┌────────

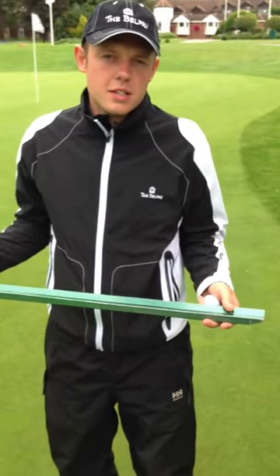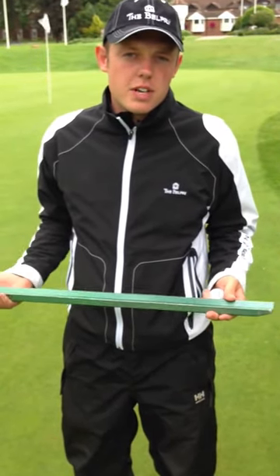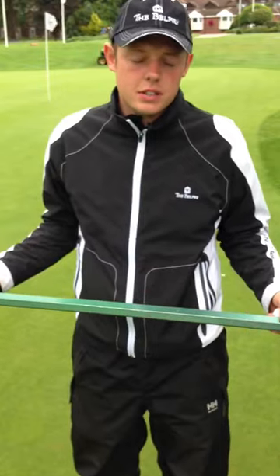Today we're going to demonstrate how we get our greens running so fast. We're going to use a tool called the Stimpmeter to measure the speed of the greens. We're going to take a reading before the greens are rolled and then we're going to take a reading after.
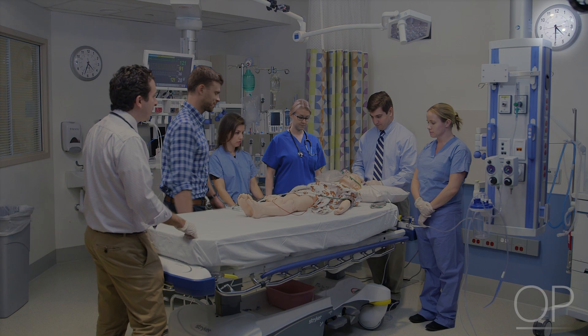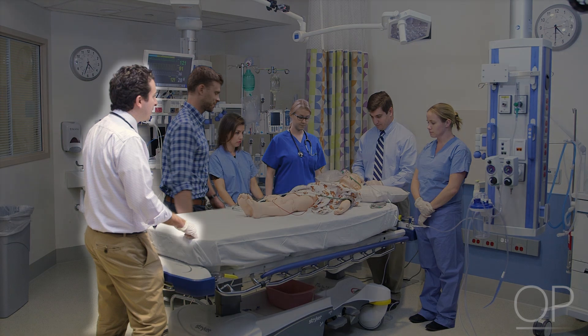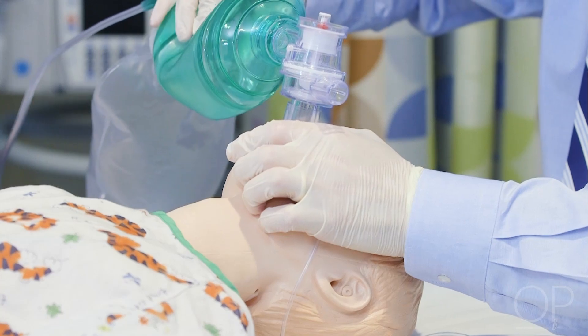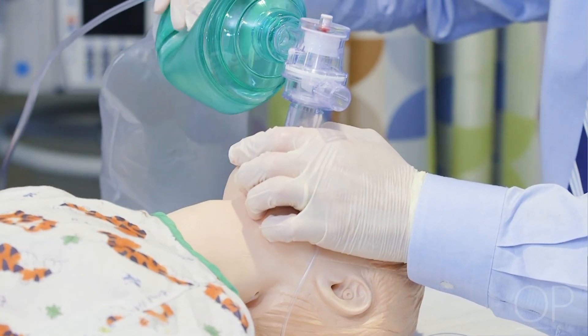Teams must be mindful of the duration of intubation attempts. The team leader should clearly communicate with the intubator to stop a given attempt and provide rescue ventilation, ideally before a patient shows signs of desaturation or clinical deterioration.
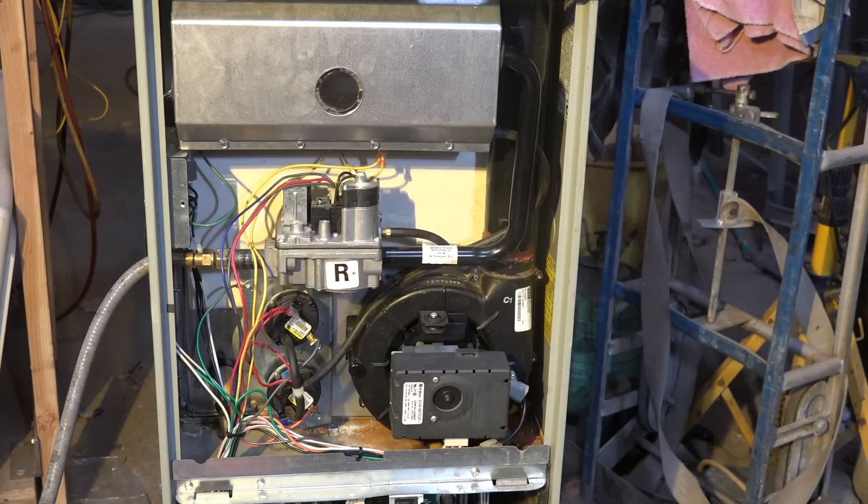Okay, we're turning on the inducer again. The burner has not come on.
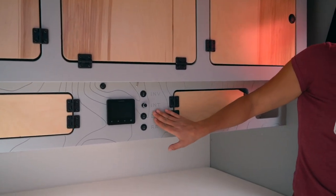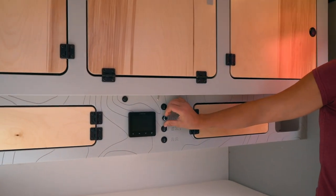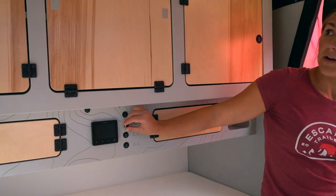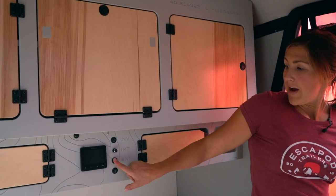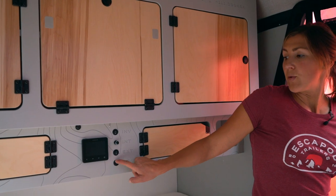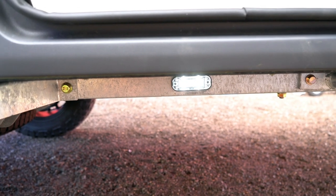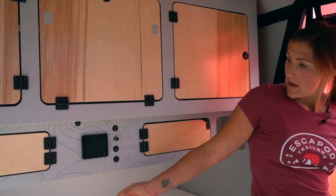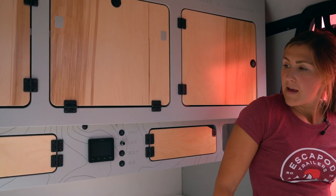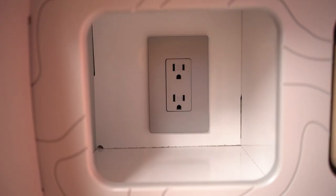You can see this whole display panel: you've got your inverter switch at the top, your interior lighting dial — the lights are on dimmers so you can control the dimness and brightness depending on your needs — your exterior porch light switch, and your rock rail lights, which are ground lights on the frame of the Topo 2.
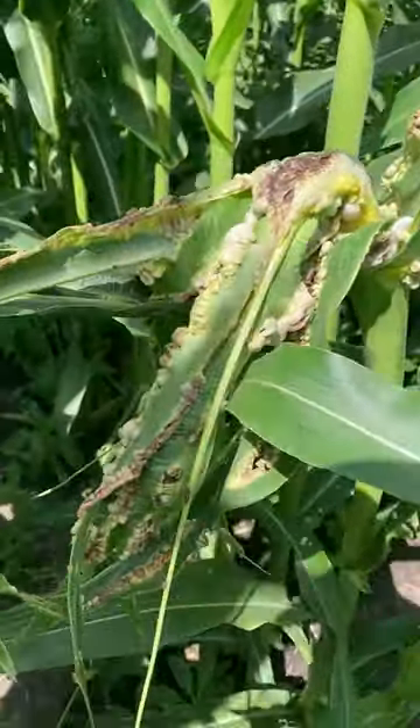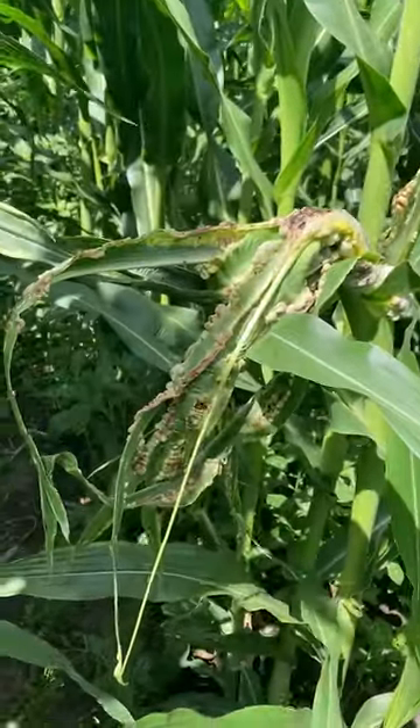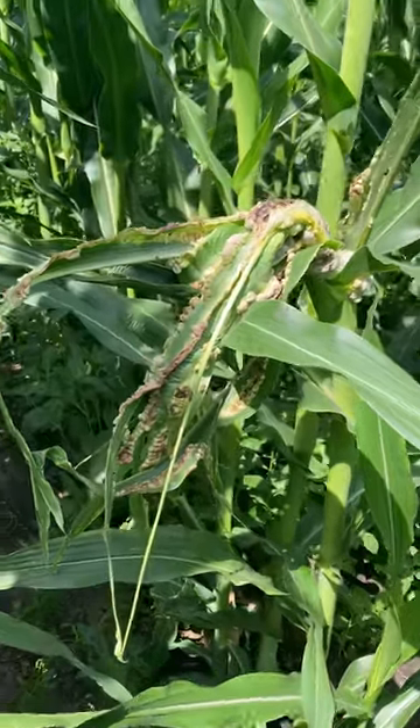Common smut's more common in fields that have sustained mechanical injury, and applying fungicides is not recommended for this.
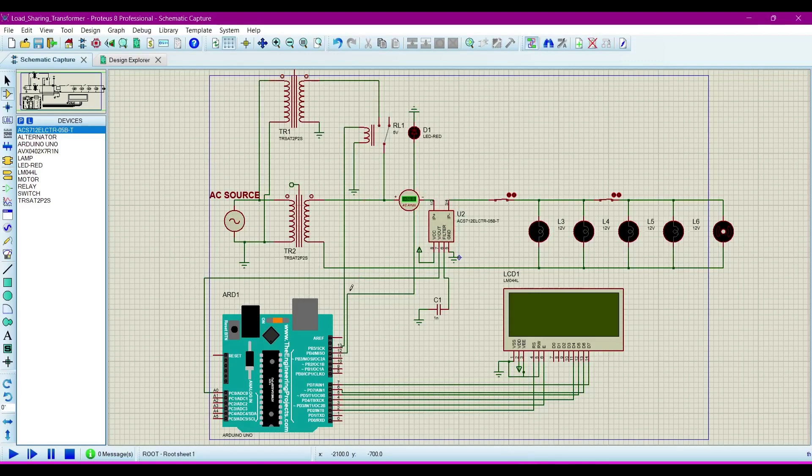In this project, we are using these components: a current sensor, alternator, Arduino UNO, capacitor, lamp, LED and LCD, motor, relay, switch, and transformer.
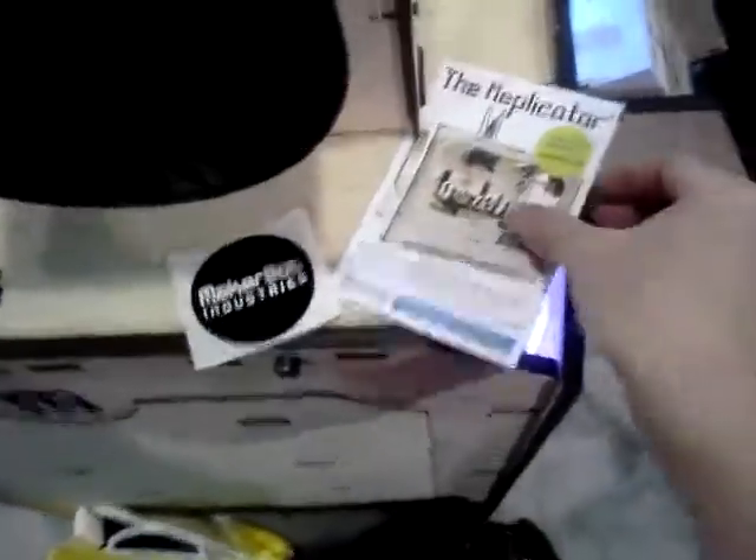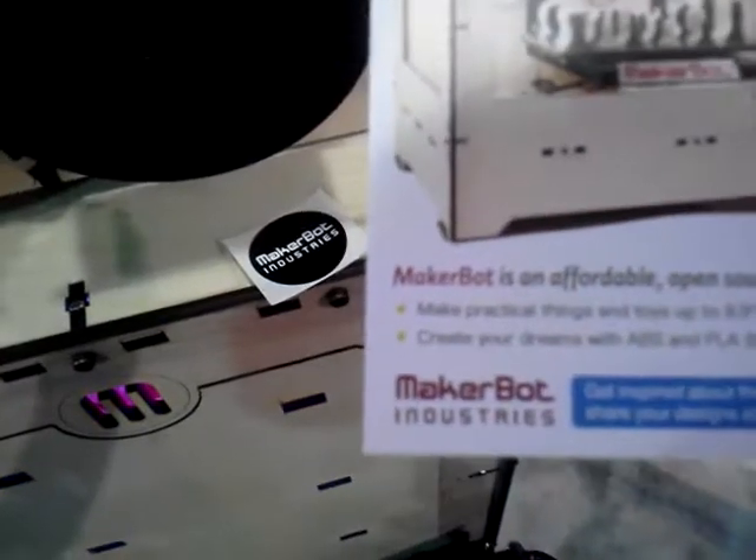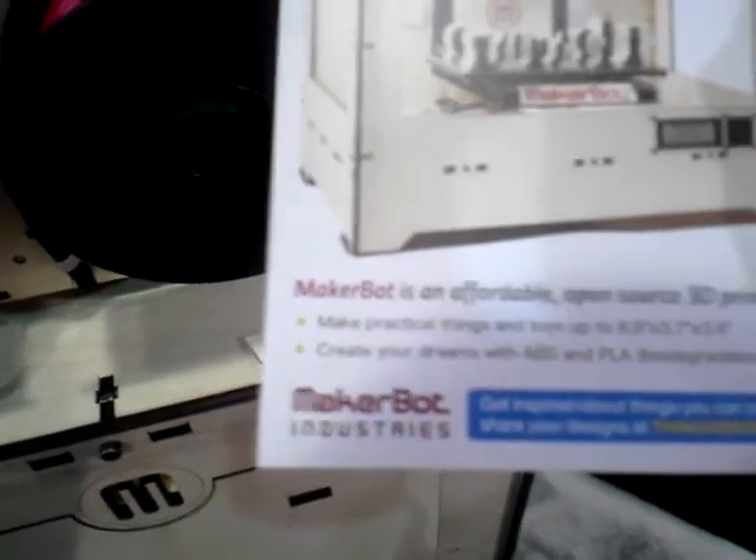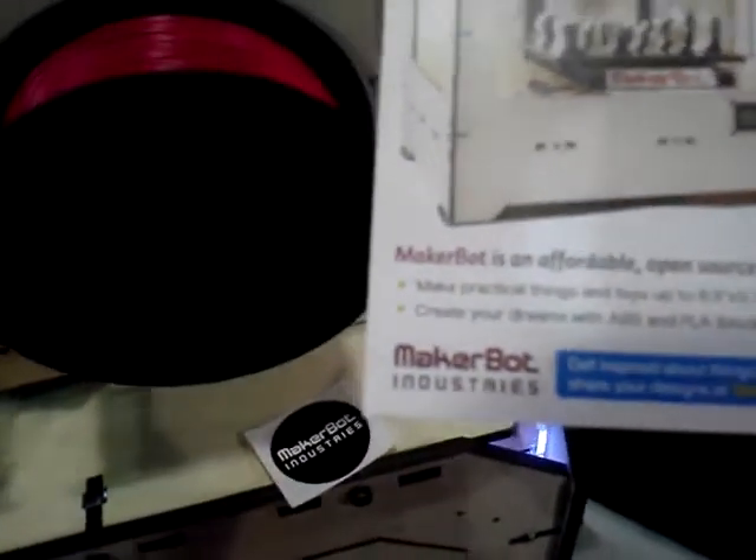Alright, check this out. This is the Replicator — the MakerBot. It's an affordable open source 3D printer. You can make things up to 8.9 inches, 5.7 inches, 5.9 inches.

└────────

Starting at the line that contains "You can see", return every line through the end of the records above exactly as written, and return no pictures.

§ **Answer box**
You can see this whole display panel: you've got your inverter switch at the top, your interior lighting dial — the lights are on dimmers so you can control the dimness and brightness depending on your needs — your exterior porch light switch, and your rock rail lights, which are ground lights on the frame of the Topo 2.
Common smut's more common in fields that have sustained mechanical injury, and applying fungicides is not recommended for this.
In this project, we are using these components: a current sensor, alternator, Arduino UNO, capacitor, lamp, LED and LCD, motor, relay, switch, and transformer.
Alright, check this out. This is the Replicator — the MakerBot. It's an affordable open source 3D printer. You can make things up to 8.9 inches, 5.7 inches, 5.9 inches.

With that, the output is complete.